Но именно это наше врожденное добродушие так всегда и не нравилось Петру.
Его «славных дел» наследникам оно тоже сильно претило: не мог русский человек докалывать штыками уже лежачего кровного своего врага – мироеда-барчука. А китайцев да латышей на всю огромную страну явно не хватало. Ленин по этому поводу жаловался Троцкому: «Русский человек добёр», «русский человек рохля, тютя», «у нас каша, а не диктатура» [58, с. 32–33].
Миллионов изувеченных трупов этих самых «рохль» в предназначенной к самоуничтожению стране ему явно было не достаточно: гидре революции требовались десятки миллионов трупов, то есть тотальное уничтожение русского православного народа. Даже кронштадтские матросы подняли мятеж именно потому, что отказались продолжать убивать себе подобных! То есть убийцы, у которых руки по локоть в крови, убивать отказались – бузу устроили: «…сами побывали в деревнях, в карательных отрядах, тут не обманешь, знают, как мужиков расстреливают, сами расстреливали» [28, с. 112].
Вот чем отличен от немца русский человек – не может он так долго убивать. Потому Ленин и жаловался: «русский человек рохля, тютя».

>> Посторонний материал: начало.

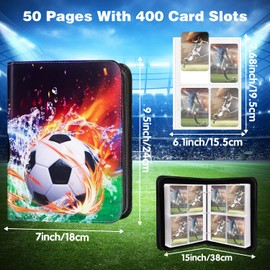 Trading Card Album Football, Football Collector Album Cards, Scrapbook Football Cards, 50 Pages Capacity for 400 Cards, Football Cards Capacity, Football Cards Folder Collection Book (D)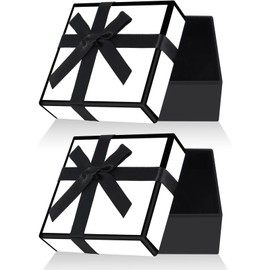 RUINIPOT 2 Pcs Delicate Gift Boxes - Jewelry Gift Box Set, White Jewellery Gift Box with Lids Ring Earring Box Square Necklace Gift Box,Elegant Small Gift Box with Foam Padding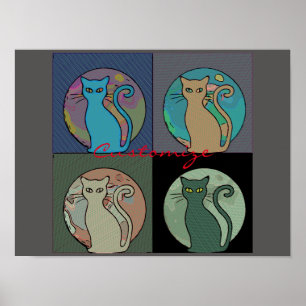 Katze Lady Multi Cats Sitzen Thunder_Cove Poster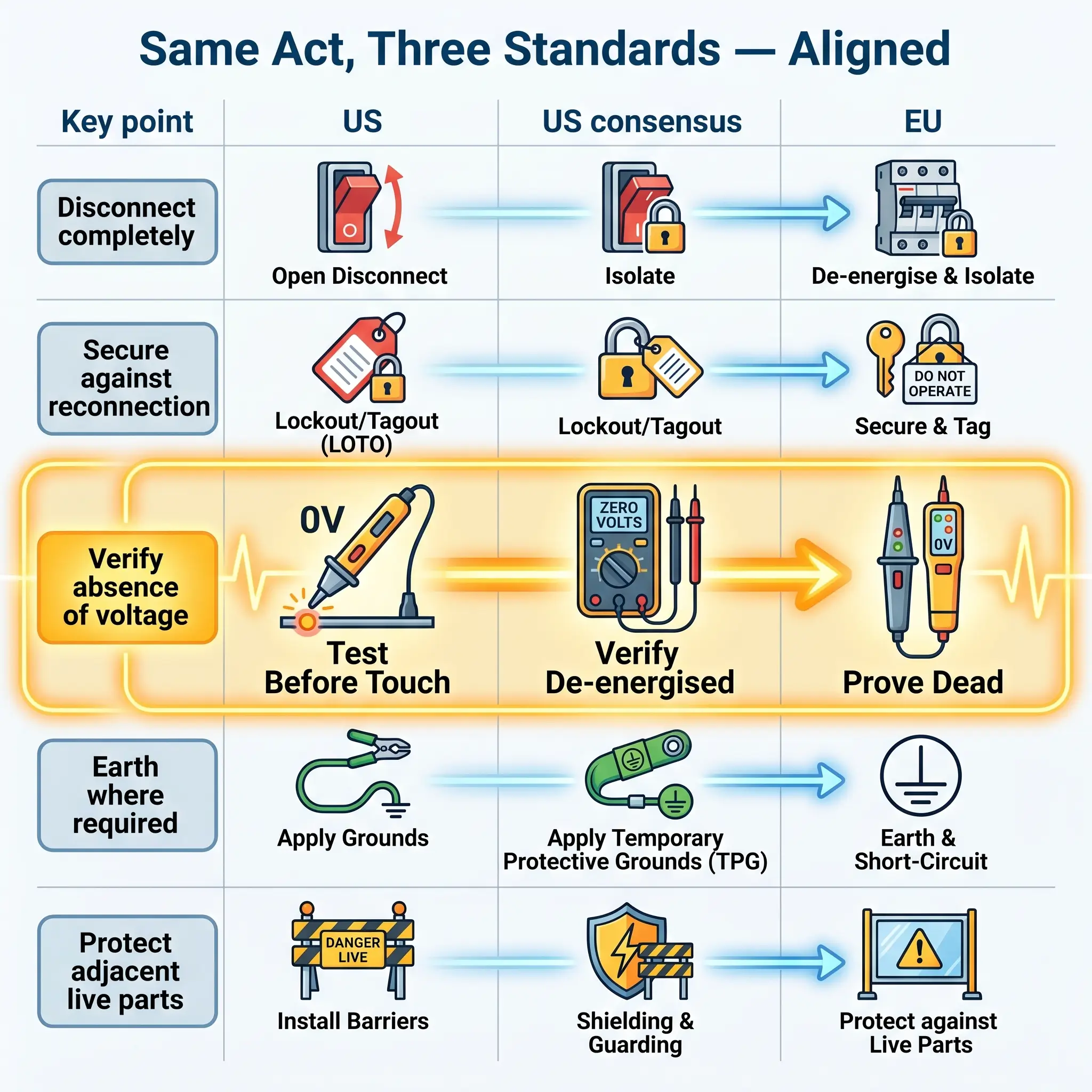 Comparison chart showing six electrical safety standards across US, US consensus, and EU regulations, including disconnect methods, lockout procedures, voltage verification, grounding, and protection against live parts.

Петр же в понимании этого вопроса на двести лет опередил своих последователей-большевиков. Он такое препятствие еще в самом зачатии своих «славных дел» совершенно осознанно учитывал, а потому и поехал перенимать опыт пыточно-палаческого искусства к заплечных дел непревзойденнейшим мэтрам – в Западную Европу.
В ту же самую большевистскую революцию, когда за отказ продолжать массовые убийства себе подобных многие десятки тысяч казалось бы полностью стоящих на страже революции кронштадтских матросов жизнью поплатились, в альма-матер обитания этих самых культуртрегеров, в Германии, данное искусство находилось на совершенно недосягаемых для нас высотах.

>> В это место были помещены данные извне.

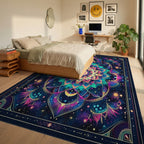Neon Mandala Cosmic Floral Rug - Bedroom View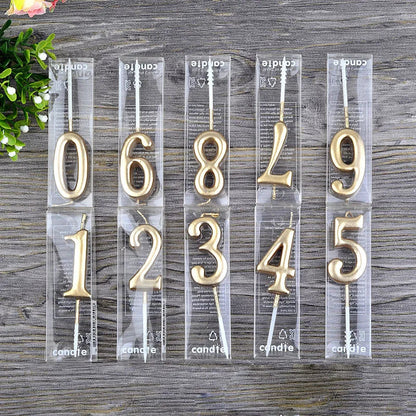 1Pcs Gold Happy Birthday Number Cake Candles 0 1 2 3 4 5 6 7 8 9 Cake Topper Kids Girls Boys Bar Baby Party Supplies Decoration Good Vibrations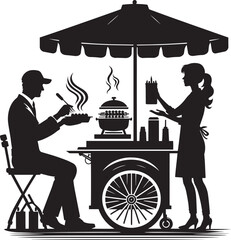 Street food cart silhouette vector illustration isolated on a white background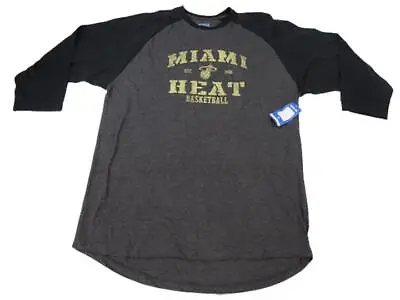 New Miami Heat Mens Sizes XL-2XL-3XL-4XL-Tall Raglan 3/4 Sleeve Shirt • $15.11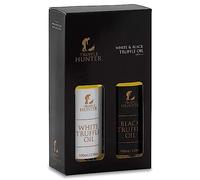 TruffleHunter, Coffret Huiles de Truffe Noire & Blanche - 2 x 100ml | Huiles de truffe noire et blanche, huile d'olive extra vierge, marinades, vinaigrettes, végan, casher, halal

Свидетельствует князь С.Е. Трубецкой, чьим соседом по нарам в советских застенках во времена большевистского террора временно оказался сбежавший из Германии активист красного революционного спартаковского движения:
«Народ, рассказывал мне спартаковец, захватил несколько булочников и возил их по городу в позорной повозке. Потом на площади их заставили съесть по сырой дохлой крысе (а наиболее виновного – даже живую крысу) и, удовольствовавшись таким наказанием, решили отпустить на свободу. Однако фронтовые солдаты, и, конечно, в первую очередь, сам мой берлинский рабочий, сочли это совершенно недостаточным и, когда крысы были съедены, растолкали штатскую толпу и с военной энергией тут же на площади повесили всех булочников – “врагов народа”…

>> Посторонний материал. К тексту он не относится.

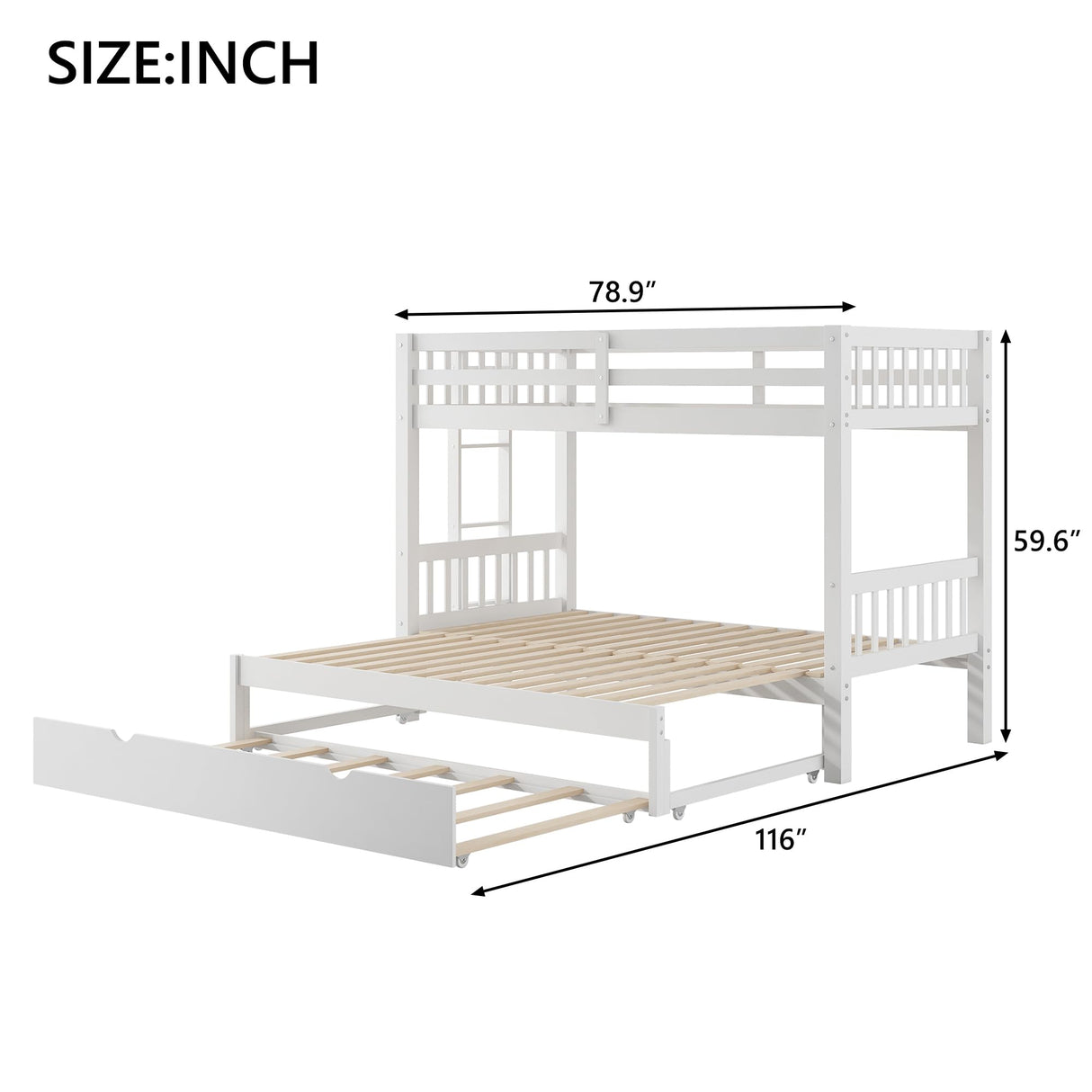 Flieks Twin Over Twin/King Bunk Beds with Trundle, Twin Over Pull-Out bunk Bed Accommodate 4 People for Kids, Adult, No Box Spring Needed Flieks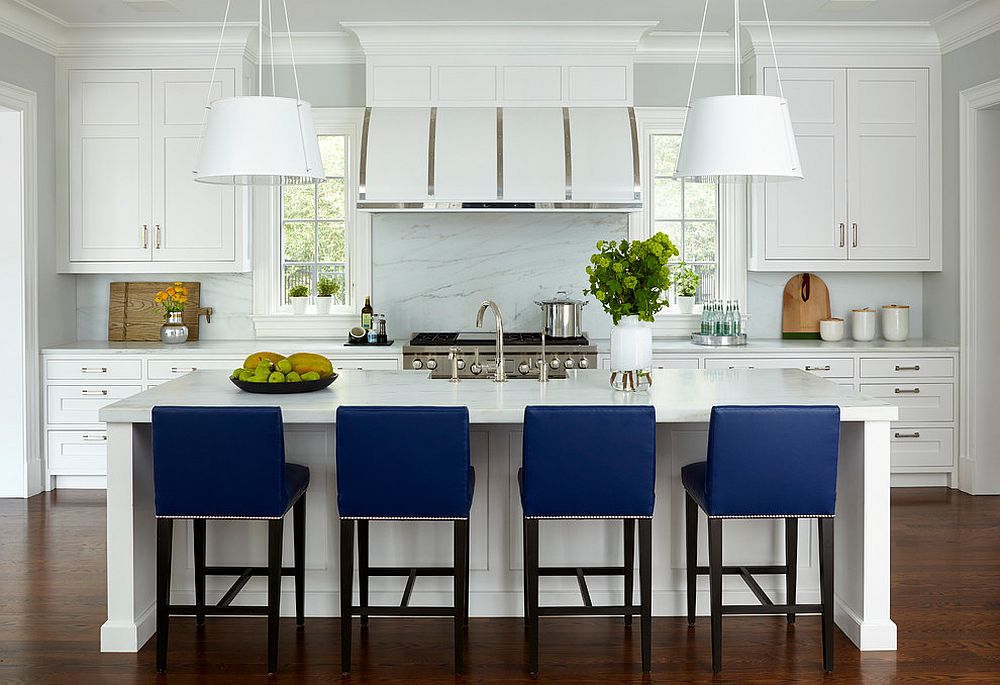 Use decor to add navy blue to the kitchen this fall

Да, подумал я, большевизм в Германии, пожалуй, даже более жесток, чем у нас: у нас просто вздернули бы, не заставив предварительно съесть крыс…» [137, с. 246].
Но этот рассказ спартаковца был еще не окончен. Когда направляющиеся с фронта домой немецкие солдаты возвратились к своему вагону, то застали толпу горожан, рвущую погоны с их офицеров:
«“Мы бросились на их защиту, выбили немало зубов… Кое-кого из них мы даже убили… это, пожалуй, было нехорошо”, – задумчиво прибавил он» [137, с. 247].
Да уж – нехорошо…
Так всегда было принято поступать у них со своими согражданами и даже в еще более массовом порядке: «В Германии при подавлении крестьянского восстания 1525 г. казнили более 100 000 человек» [63, с. 16].
Так расправлялись они со своими гражданами. Но по отношению к своим врагам германцы были куда как менее щепетильны. Некогда обитавшие в степях Причерноморья их предки:
«С неприятельской головы… снимали кожу…» [80, с. 27].